Task to complete
Please output exactly the lines from the one that holds "Reptiles And Amphibians, Kawaii, Funny" through the final line of the data, and nothing else; leave out any pictures.

Listed entries
= = = = =
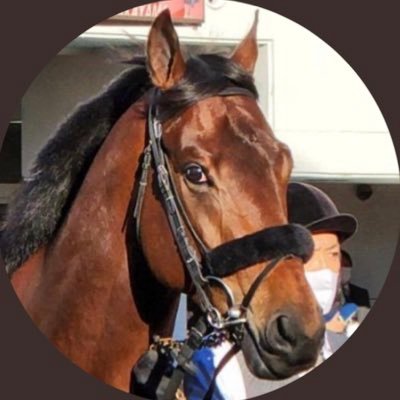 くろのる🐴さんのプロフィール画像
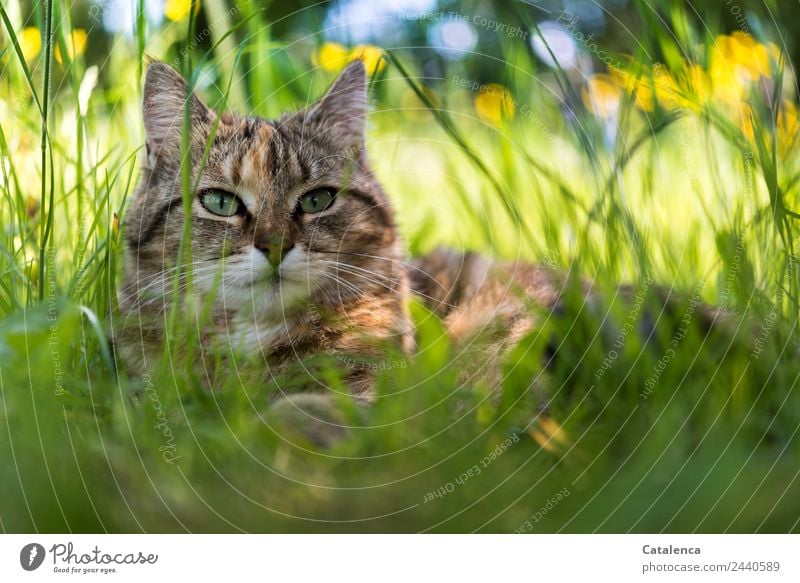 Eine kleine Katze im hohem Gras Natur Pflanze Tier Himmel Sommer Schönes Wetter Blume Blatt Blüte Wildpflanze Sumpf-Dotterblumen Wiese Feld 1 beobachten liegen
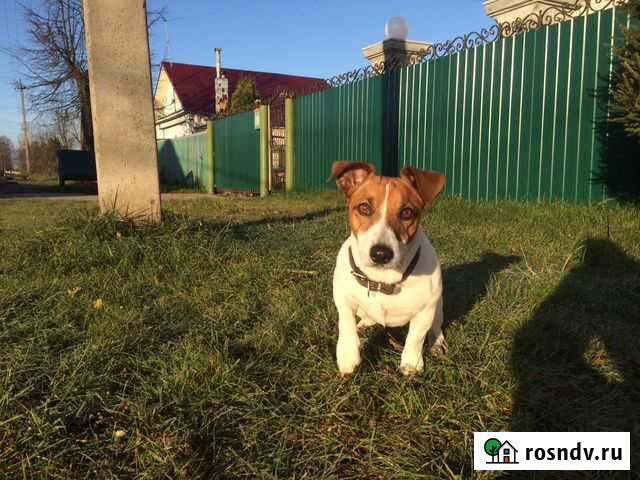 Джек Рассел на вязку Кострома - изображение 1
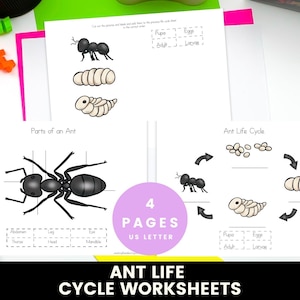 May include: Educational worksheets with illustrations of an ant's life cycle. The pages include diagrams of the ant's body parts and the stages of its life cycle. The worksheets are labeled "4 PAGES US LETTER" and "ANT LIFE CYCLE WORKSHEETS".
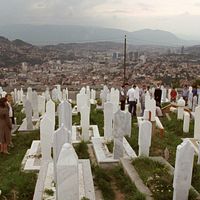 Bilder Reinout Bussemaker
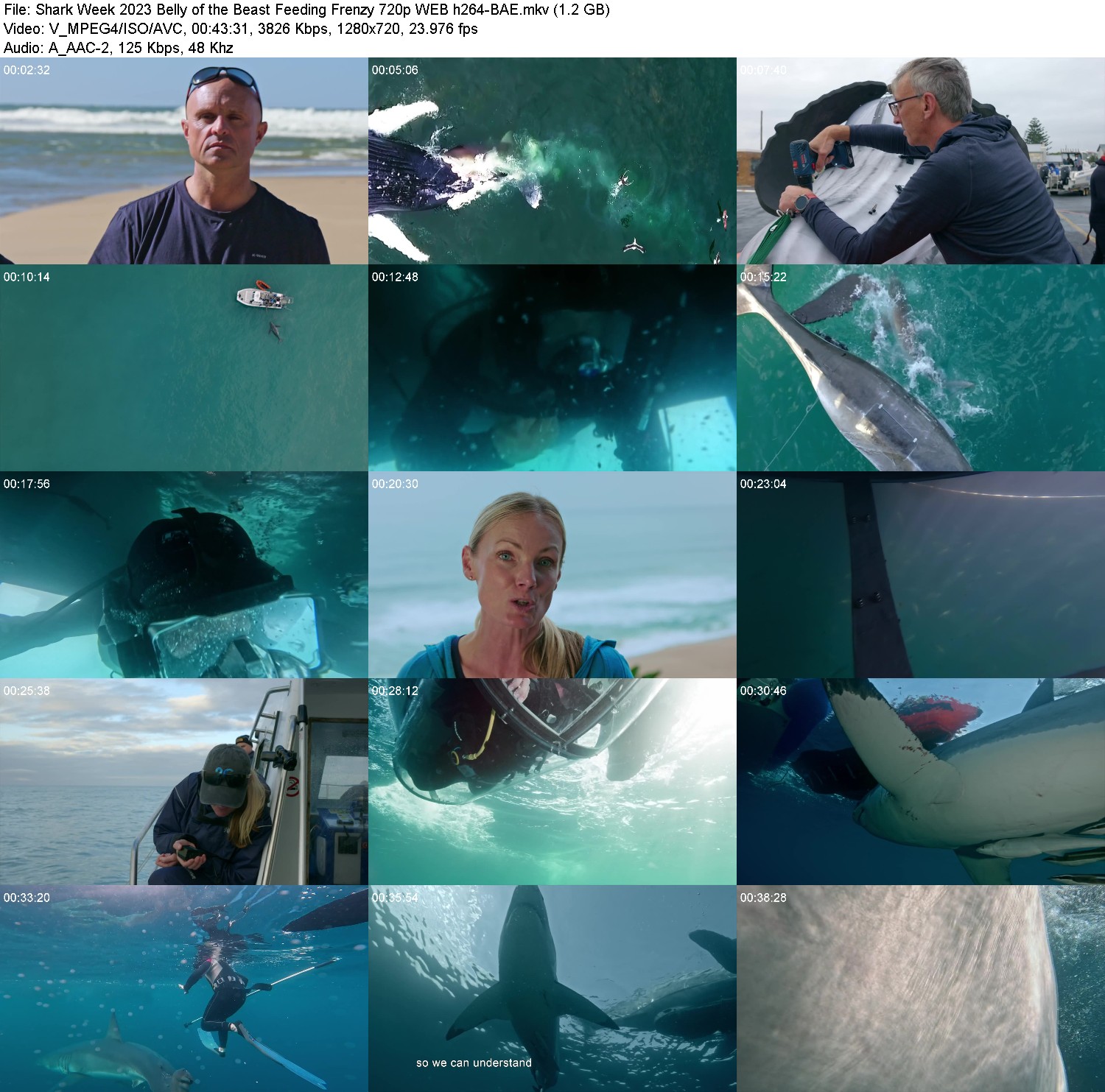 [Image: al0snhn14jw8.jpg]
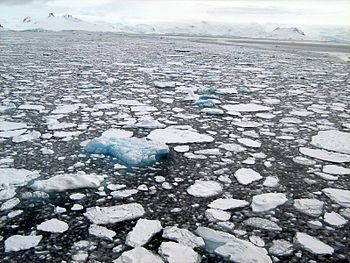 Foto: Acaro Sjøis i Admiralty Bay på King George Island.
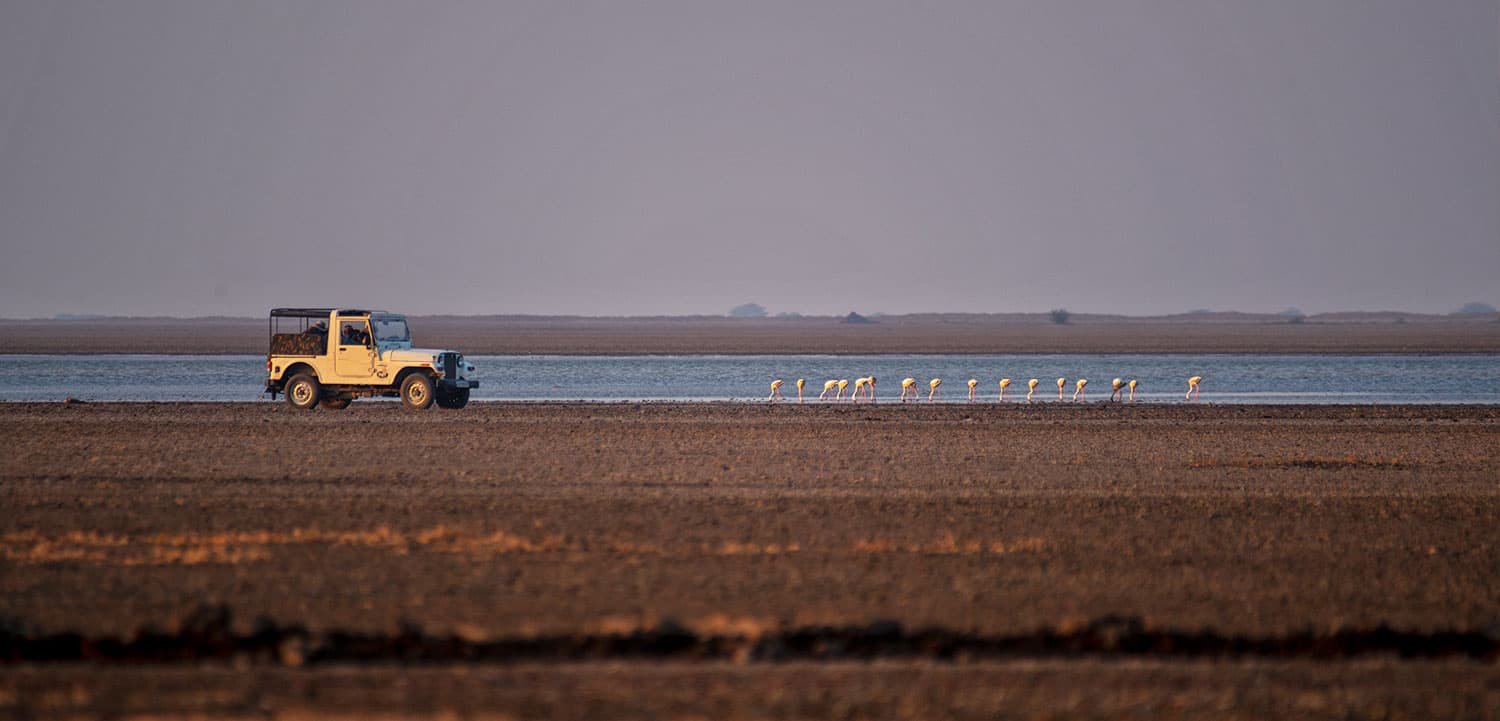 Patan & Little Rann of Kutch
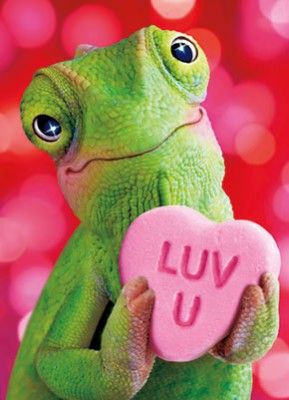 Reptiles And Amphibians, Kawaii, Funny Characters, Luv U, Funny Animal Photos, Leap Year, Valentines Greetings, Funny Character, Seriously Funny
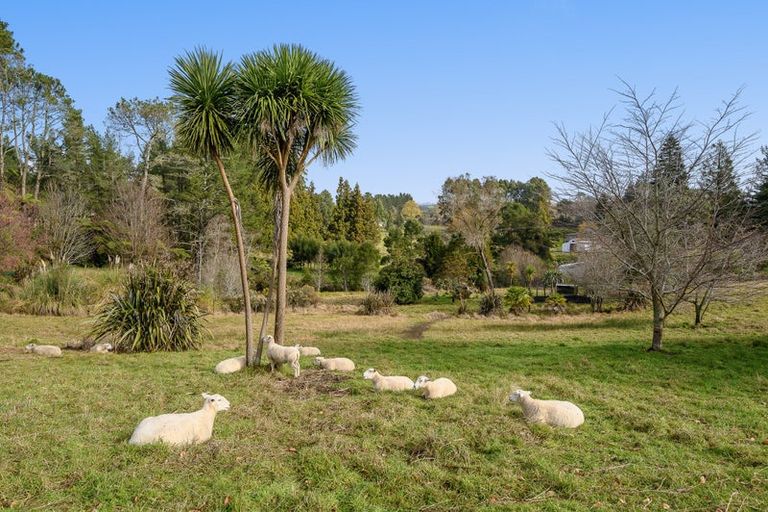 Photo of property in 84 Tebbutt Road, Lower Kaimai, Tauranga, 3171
= = = = =
Task result
 Reptiles And Amphibians, Kawaii, Funny Characters, Luv U, Funny Animal Photos, Leap Year, Valentines Greetings, Funny Character, Seriously Funny
 Photo of property in 84 Tebbutt Road, Lower Kaimai, Tauranga, 3171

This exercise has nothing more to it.